(Caption-style text data)

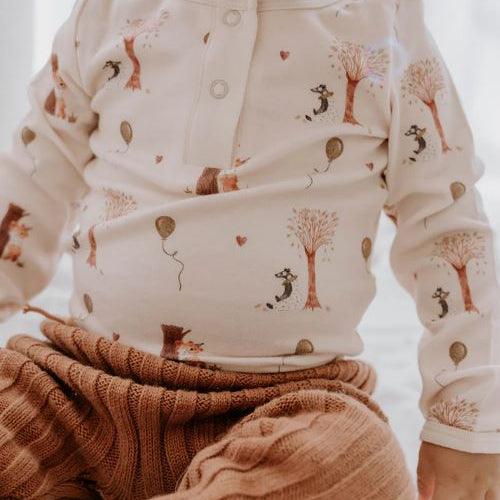Toddler wearing Henley bodysuit in autumn bear print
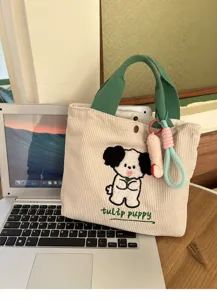 Detailed shot of a cute beige corduroy tote bag featuring green handles and sweet puppy design.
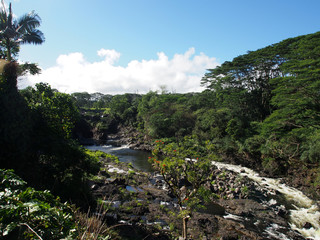 Fototapeta na wymiar Wailuku River runs towards Boiling Pots
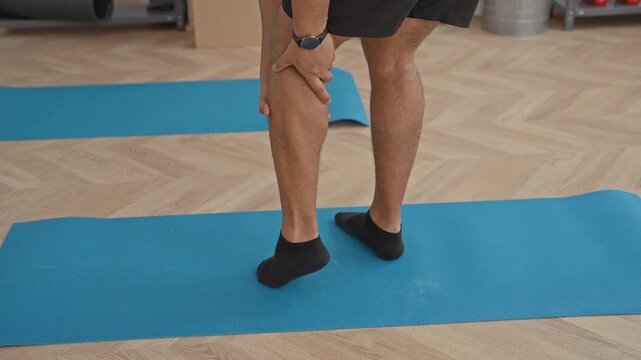 Young man grips calf muscle with both hands while standing on a blue exercise mat in studio during a training session; pain recovery rehab.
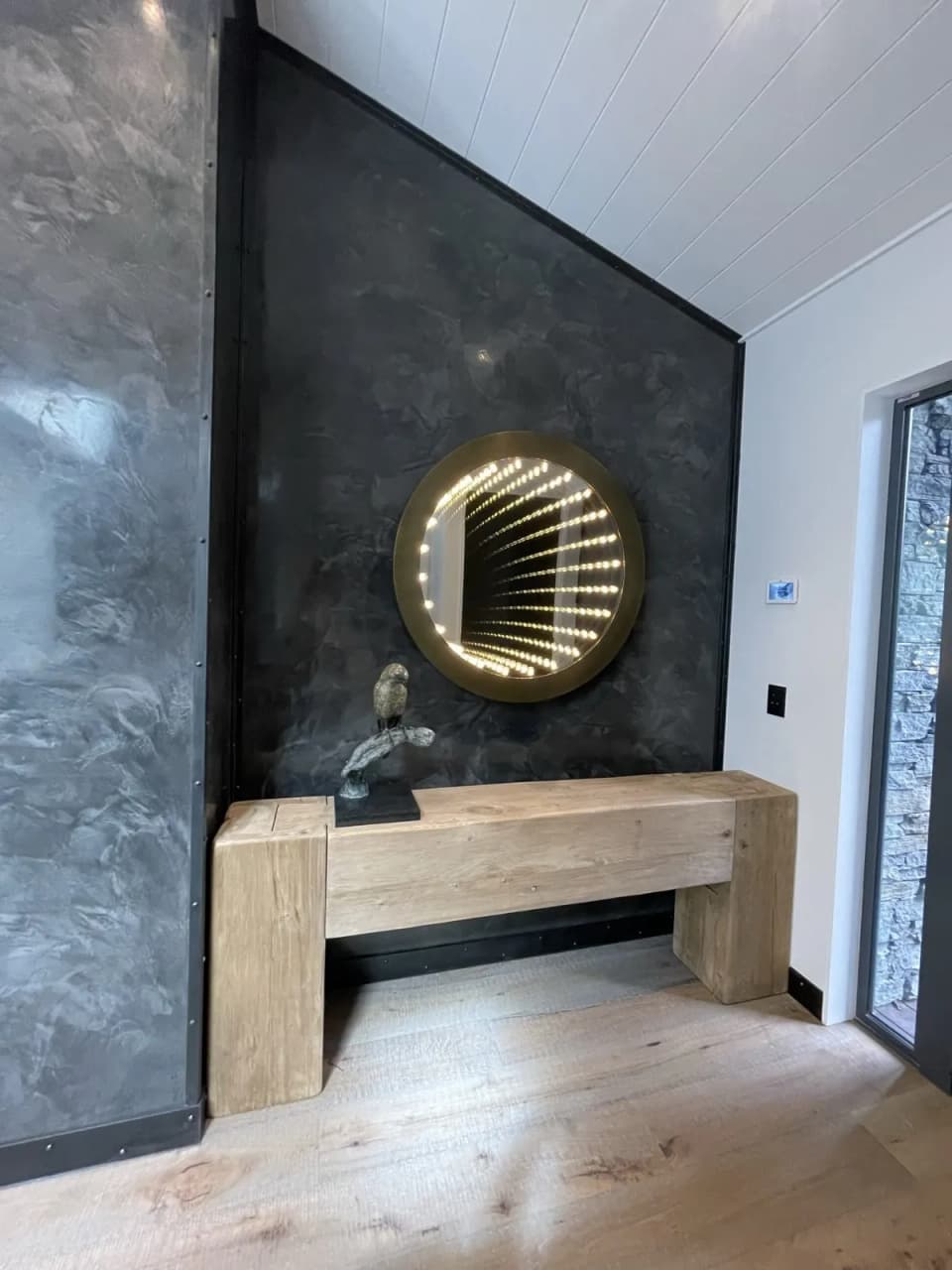 Round brass-framed mirror mounted on a patinated steel feature wall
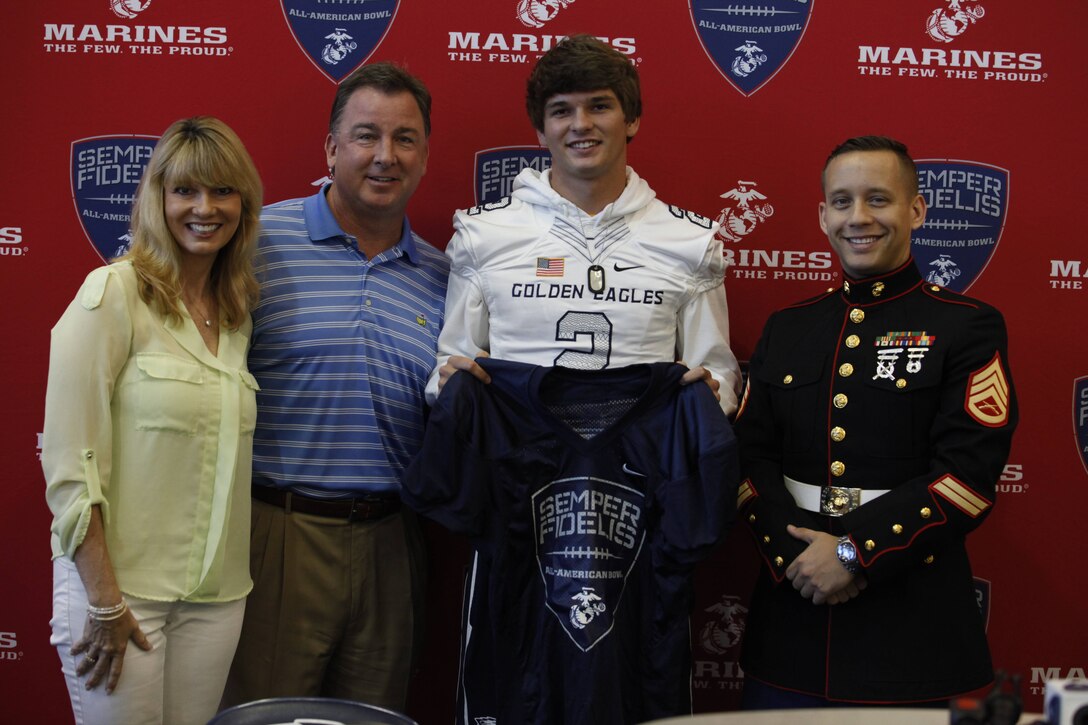 Chris Riley of Naples High School, Naples Florida stands beside his mother and father after receiving his Semper Fidelis All-American Bowl Jersey from SSgt Michael Morin, a Canvassing Marine Recruiter from Recruiting Sub-station Naples. Chris Riley will represent the Eastern Recruiting Region’s team in Carson California live on Fox Sports 1 on January 3rd.(Photo by Sgt Michael Lopez, RS Fort Lauderdale)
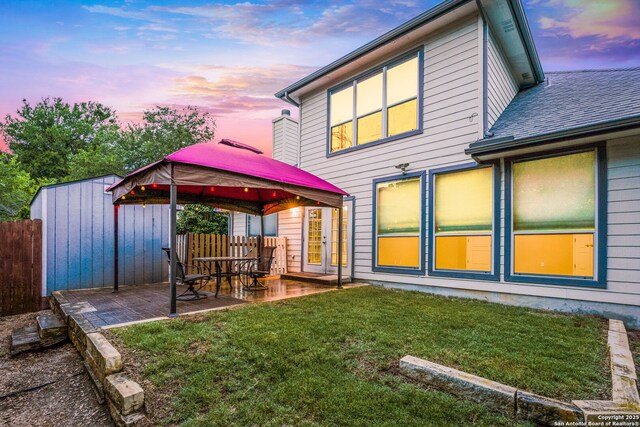 4481 Owl Crk, Schertz, TX 78154 - back of property at dusk with a gazebo, a patio area, roof with shingles, and an outdoor structure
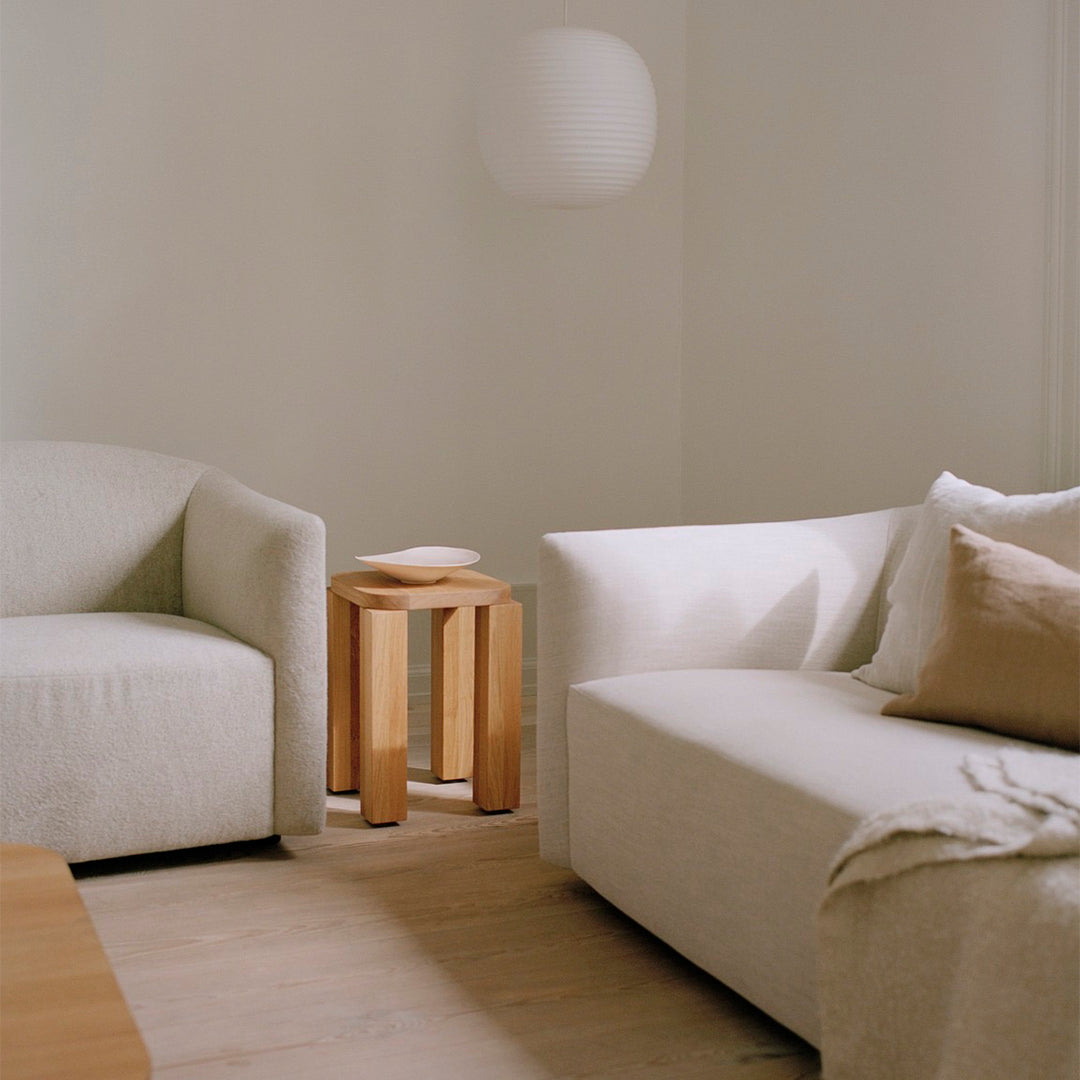 Light beige sofas with soft textures, warm wooden side table, and minimalistic decor create a cozy, neutral living space.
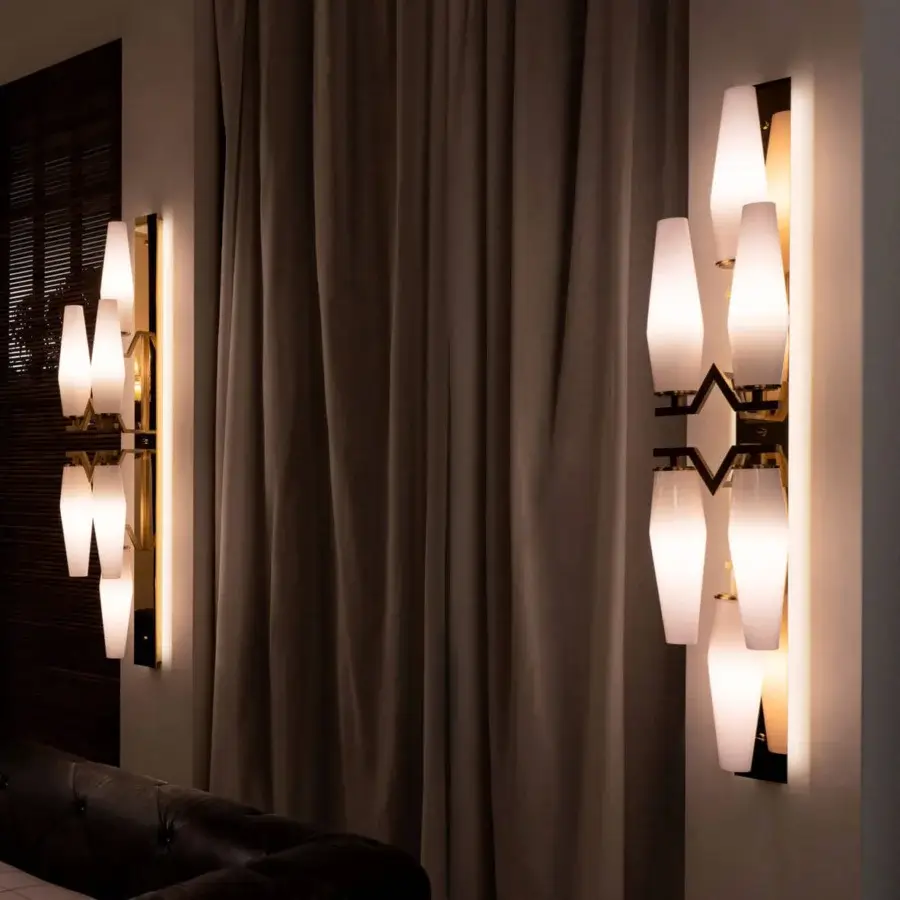 Distinguished Patrizia Garganti Frida wall lamp with vertically oriented shades in dark bronze and warm white hand-blown glass with a satin finish
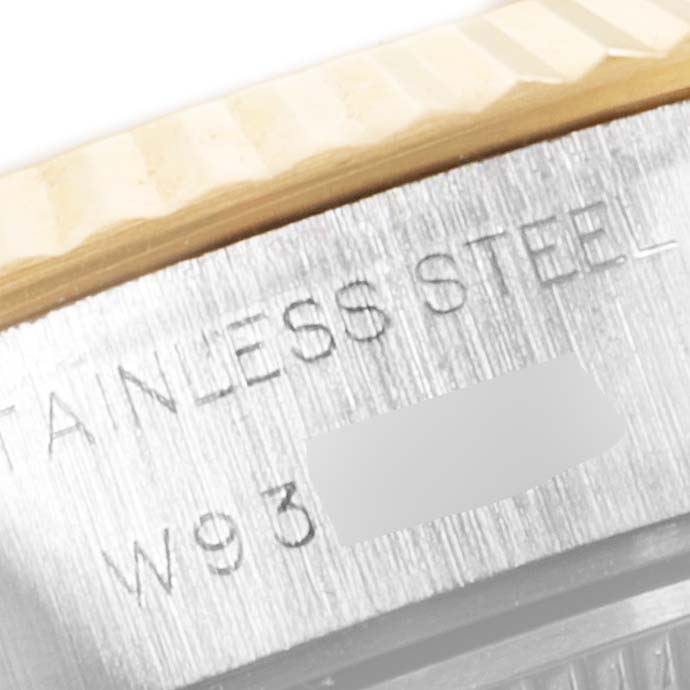 This close-up image shows the bezel and "STAINLESS STEEL" engraving on the casing of a Rolex Datejust 69173 Women
s Steel and Gold (two tone) Champagne Dial 69173 Women
s Steel and Gold (two tone) Champagne Dial watch.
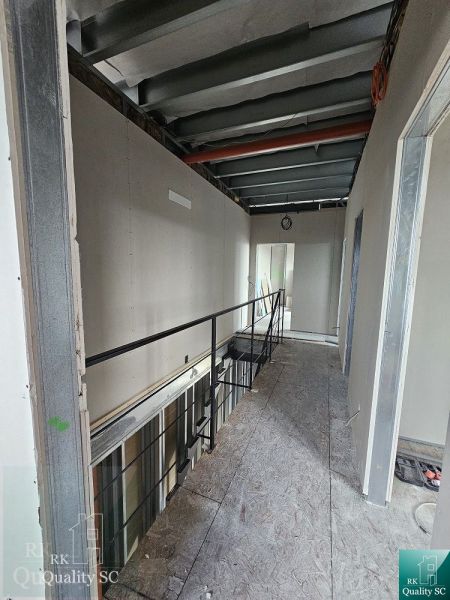 Construction work inside a family house with a staircase and incomplete walls.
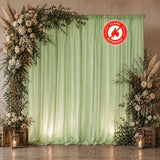 Green floral wedding backdrop with candles and lanterns, flame retardant curtains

#### [What is required]
Scan the entries above for the word "tone". Report the lines that hold it.

#### [Exercise result]
s Steel and Gold (two tone) Champagne Dial 69173 Women
s Steel and Gold (two tone) Champagne Dial watch.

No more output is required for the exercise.